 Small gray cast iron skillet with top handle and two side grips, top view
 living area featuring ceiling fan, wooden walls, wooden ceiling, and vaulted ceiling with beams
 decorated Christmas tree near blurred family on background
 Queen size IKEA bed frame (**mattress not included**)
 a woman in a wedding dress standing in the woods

——

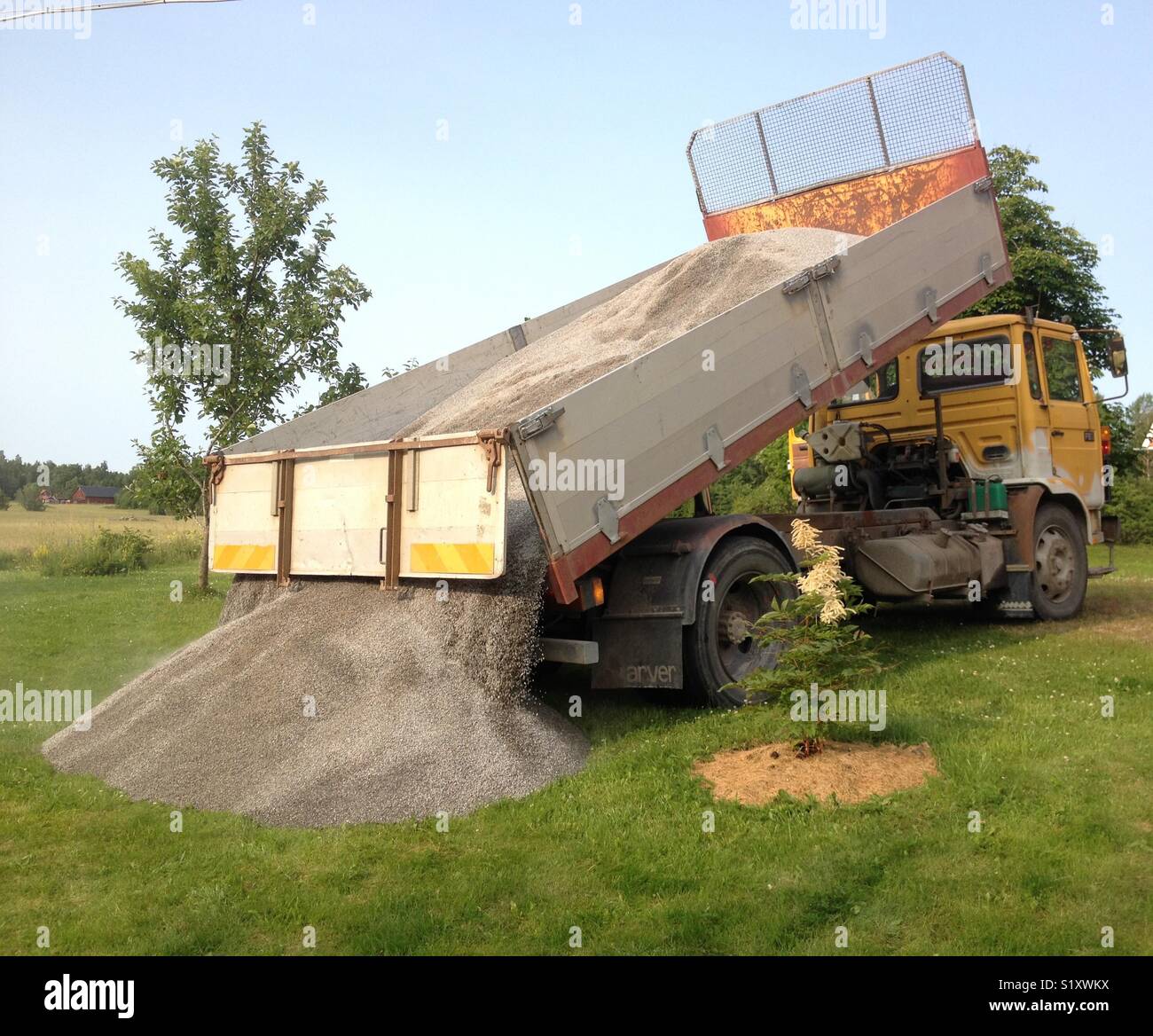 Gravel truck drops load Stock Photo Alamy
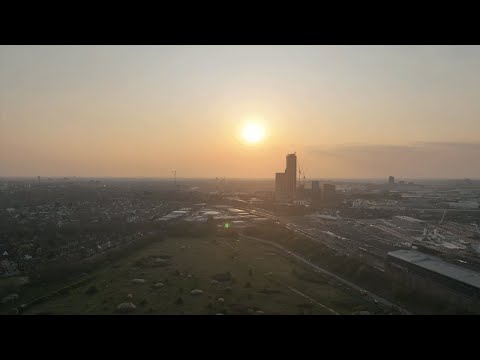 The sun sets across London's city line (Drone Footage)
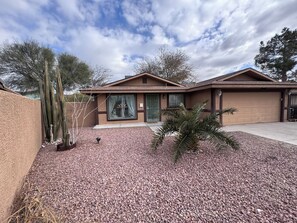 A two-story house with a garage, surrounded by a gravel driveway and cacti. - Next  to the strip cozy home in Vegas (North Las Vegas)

——

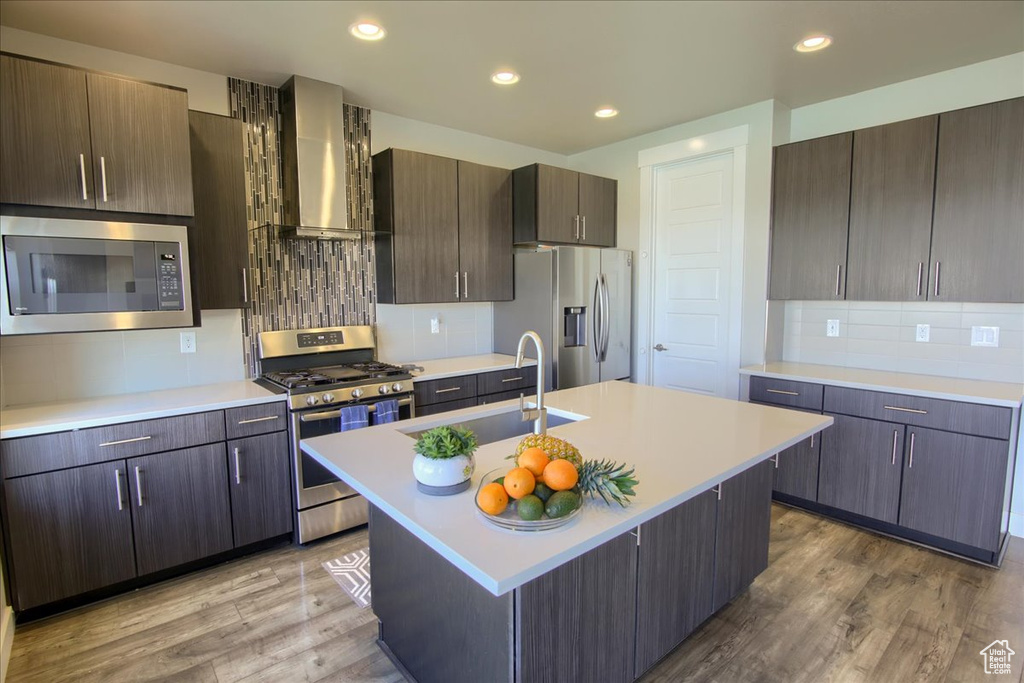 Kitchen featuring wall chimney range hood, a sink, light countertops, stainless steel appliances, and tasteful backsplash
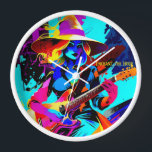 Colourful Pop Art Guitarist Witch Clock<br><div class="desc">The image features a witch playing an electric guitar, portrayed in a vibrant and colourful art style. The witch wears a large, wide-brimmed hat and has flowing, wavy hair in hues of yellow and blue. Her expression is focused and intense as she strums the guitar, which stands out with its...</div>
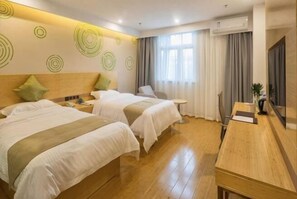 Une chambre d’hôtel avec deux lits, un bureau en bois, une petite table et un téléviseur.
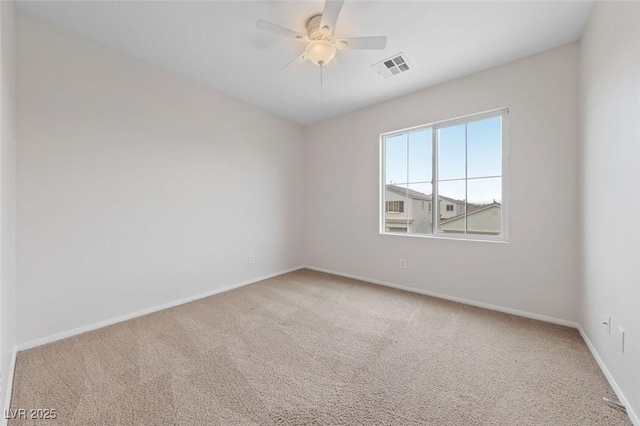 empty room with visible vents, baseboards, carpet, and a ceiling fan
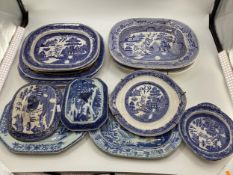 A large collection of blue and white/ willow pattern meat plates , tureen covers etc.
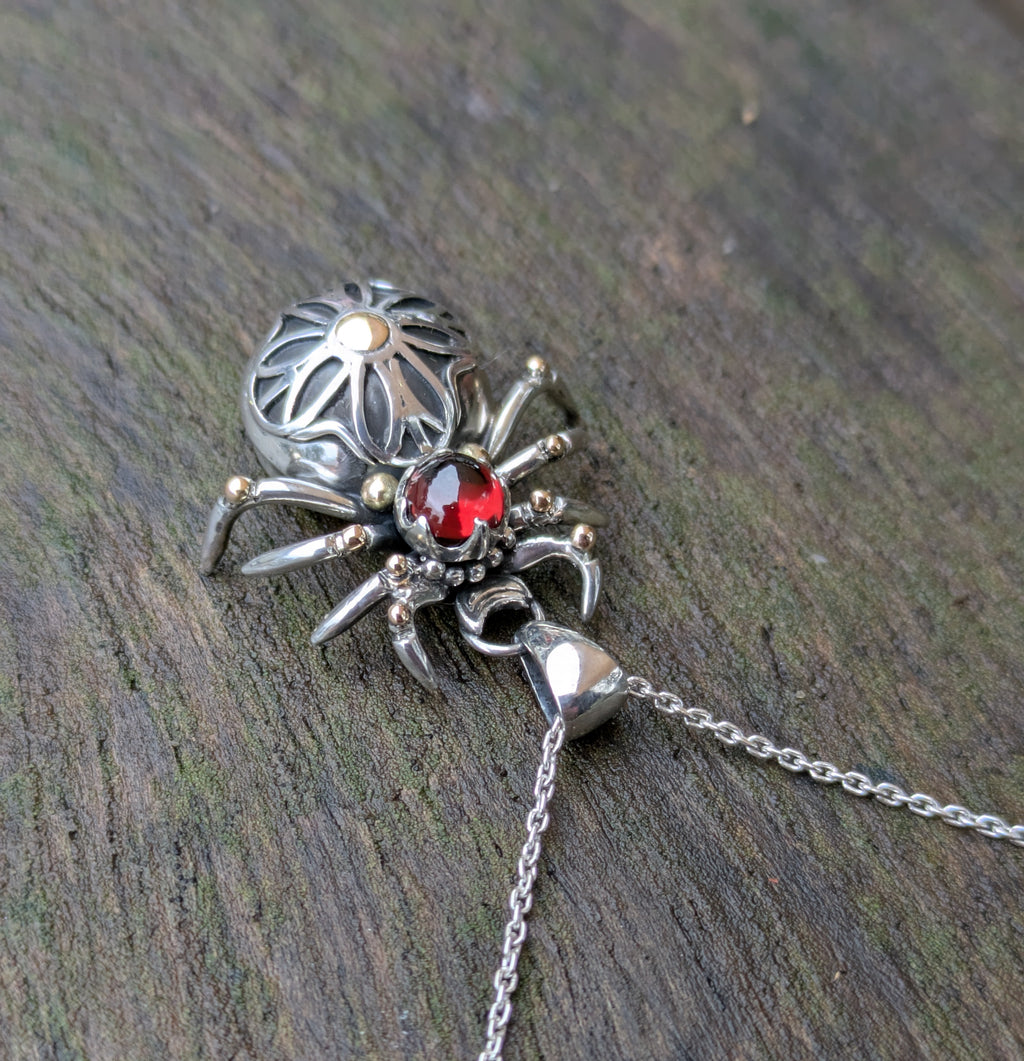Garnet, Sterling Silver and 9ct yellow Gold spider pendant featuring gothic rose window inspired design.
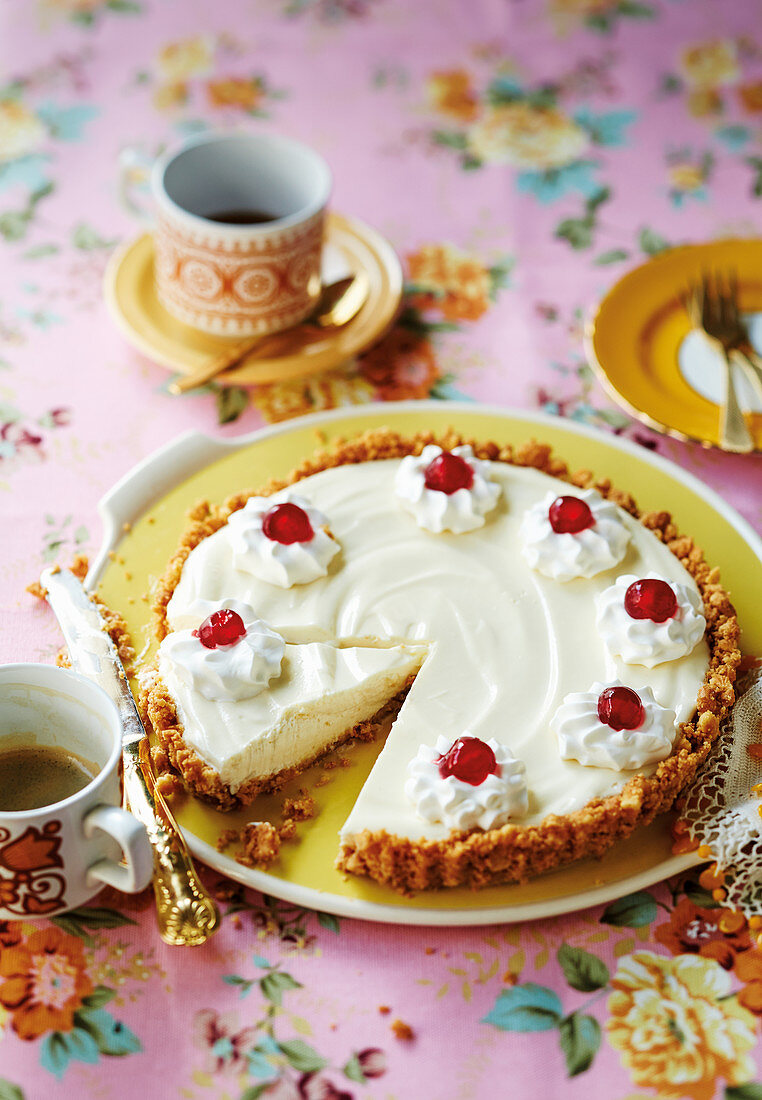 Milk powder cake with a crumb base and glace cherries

——

ACTIVITY
Above are the records; from them, give again exactly the lines from the one containing "Queen size IKEA" to the one containing "a woman in a", both lines included, and nothing more.

RESPONSE TO THE EXERCISE
 Queen size IKEA bed frame (**mattress not included**)
 a woman in a wedding dress standing in the woods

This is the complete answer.